High Performance Systems

DARPA, NSF, NASA, DOE, NSA, NIST

Over the past year, advances in high performance systems include system prototypes that demonstrate an order of magnitude reduction in cost per megaflop; workstation clusters using novel operating system techniques that achieve an order of magnitude reduction in application level latency; unprecedented performance levels of graphics rendering (50 million polygons/sec); and dramatic improvements in low latency communications rates for local area distributed computing applications (2 Gb/s). Advances also include formal theoretical methods for the verification of complex chip design, technologies required to design, fabricate, and test computer system microarchitectures, and the infrastructure required to allow heterogenous architectures to function together in an integrated system.

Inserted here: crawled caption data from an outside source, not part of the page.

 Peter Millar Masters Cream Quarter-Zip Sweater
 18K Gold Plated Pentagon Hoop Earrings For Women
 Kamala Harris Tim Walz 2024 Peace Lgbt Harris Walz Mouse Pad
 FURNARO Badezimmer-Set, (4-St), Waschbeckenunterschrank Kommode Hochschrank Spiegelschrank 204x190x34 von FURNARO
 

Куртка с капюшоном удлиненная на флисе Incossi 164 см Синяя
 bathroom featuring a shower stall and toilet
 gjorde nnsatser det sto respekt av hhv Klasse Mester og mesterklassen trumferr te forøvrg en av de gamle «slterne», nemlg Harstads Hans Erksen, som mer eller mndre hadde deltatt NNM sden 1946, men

Heterogeneous computing environments combine computational engines with different architectures, file systems, and high speed interconnects. These heterogeneous systems provide support for solving computational problems that require different capabilities of their constituent subsystems. HPCC-supported researchers used a collection of heterogeneous supercomputers on the Internet to simulate and render the collision of two galaxies. This process is too large to implement on any single system; therefore, researchers combined several geographically separated high end systems by high speed networks to simulate appropriate parts of this single model. The successful simulation yielded graphical display capabilities not possible before, and resulted in the first computer-generated scientific IMAX movie, to be shown at the Smithsonian National Air and Space Museum.

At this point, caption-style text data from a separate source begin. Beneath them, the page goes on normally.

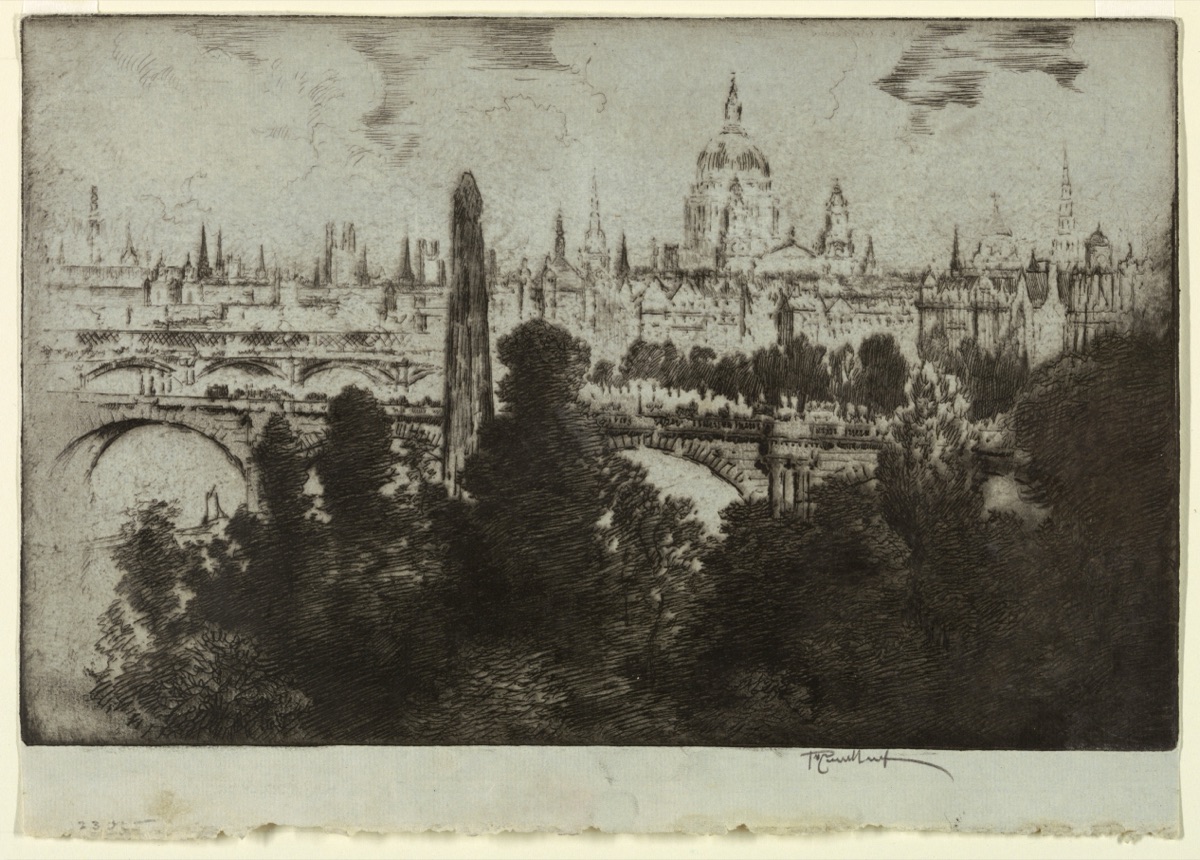 London over Embankment Gardens — Joseph Pennell, American, active England, 1857–1926
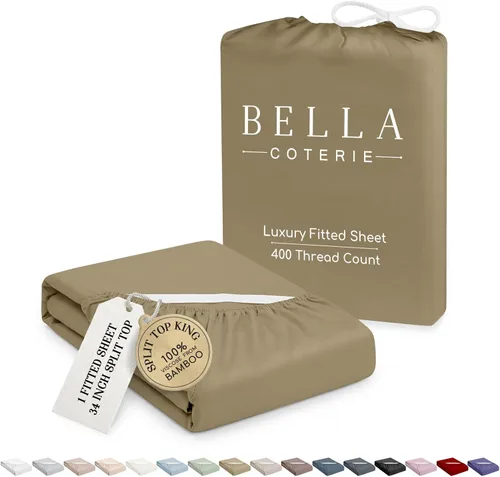 Vista 27 de Bella Coterie - Sábana bajera ajustable de viscosa de bambú de lujo, tamaño individual, 100% cultivada orgánicamente, ultrasuave, refrescante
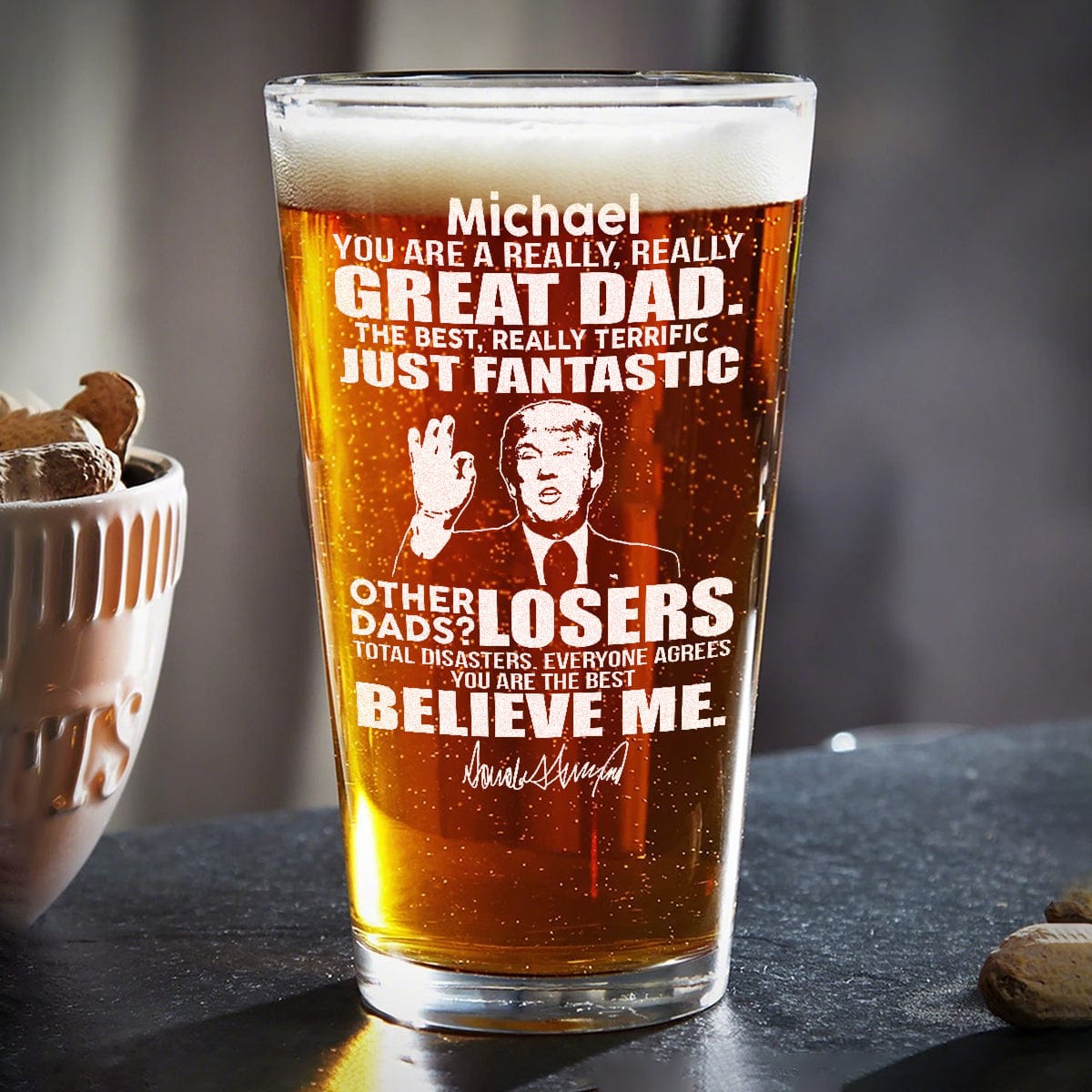 GeckoCustom Great Grandpa Great Dad Laser Engraved Beer Glass Personalized Gift TA29 890997 16oz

Networks of workstations (NOWs) -- systems that use a newly developed communication fabric to connect collections of heterogeneous, commercial workstations -- demonstrate the potential for supercomputer performance with workstations already in use. Research focuses on communications microarchitectures and high performance memory interfaces that improve bandwidth and latency for distributed applications. NOWs require research in distributed operating systems, fault detection and recovery, resource discovery and allocation across multiple administrative domains, real-time response guarantees, and multi-level security. This research demonstrated a promising first generation distributed resource management system that uses techniques for resource discovery and allocation, and advanced fault management. Researchers using a high performance interconnect of clusters of up to 50 workstations have demonstrated applications that engender memory latencies of only a few microseconds. Driving applications for NOWs include the fastest known World Wide Web indexer and the world's fastest connected components kernel for solid-state physics.

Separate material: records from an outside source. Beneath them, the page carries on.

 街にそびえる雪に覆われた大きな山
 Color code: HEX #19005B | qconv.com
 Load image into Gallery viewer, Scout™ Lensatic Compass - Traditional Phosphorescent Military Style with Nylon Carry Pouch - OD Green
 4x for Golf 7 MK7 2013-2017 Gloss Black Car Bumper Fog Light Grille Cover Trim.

Researchers using scalable, high performance computing systems for embedded applications focus on techniques to ensure that the highest possible performance scalable computing technology is openly available from a commercial technology base. R&D investments include research into novel architectures, real-time operating systems, standard library interfaces, program development environments, and demonstrations of the early insertion of new technologies into agency mission driven applications. The two level multicomputer architectural concept cleanly separates computation from communication to facilitate the development of heterogeneous systems critical to embedded applications. Researchers demonstrated a multicomputer capable of reducing costs to $10/Mflops and this design is being transferred to several Defense systems houses for future insertions into embedded applications.

University researchers developed the PixelFlow system prototype that produced unprecedented performance levels for graphics rendering. The PixelFlow system uses a massively parallel processor-per-pixel approach capable of achieving a record 3-D graphics rendering performance of 50 million polygons per second. A major vendor will acquire the license to this technology and produce a series of new products that could set new standards in scalability, programmability, and performance.

In addition to the well known computing paradigms of shared memory and distributed memory, there is a third paradigm -- distributed shared memory (DSM) -- in which memory is physically distributed but logically shared. The DSM technique enables the user to view distributed memory resources as a single address space and provides transparent access to computational resources in scalable systems. DSM research efforts investigate both software and hardware approaches to implement a logically shared view. For example, the FLASH project designed a very high performance protocol engine to implement DSM on a VLSI chip. This programmable chip supports experimentation with various shared and distributed memory protocols emerging from the research community.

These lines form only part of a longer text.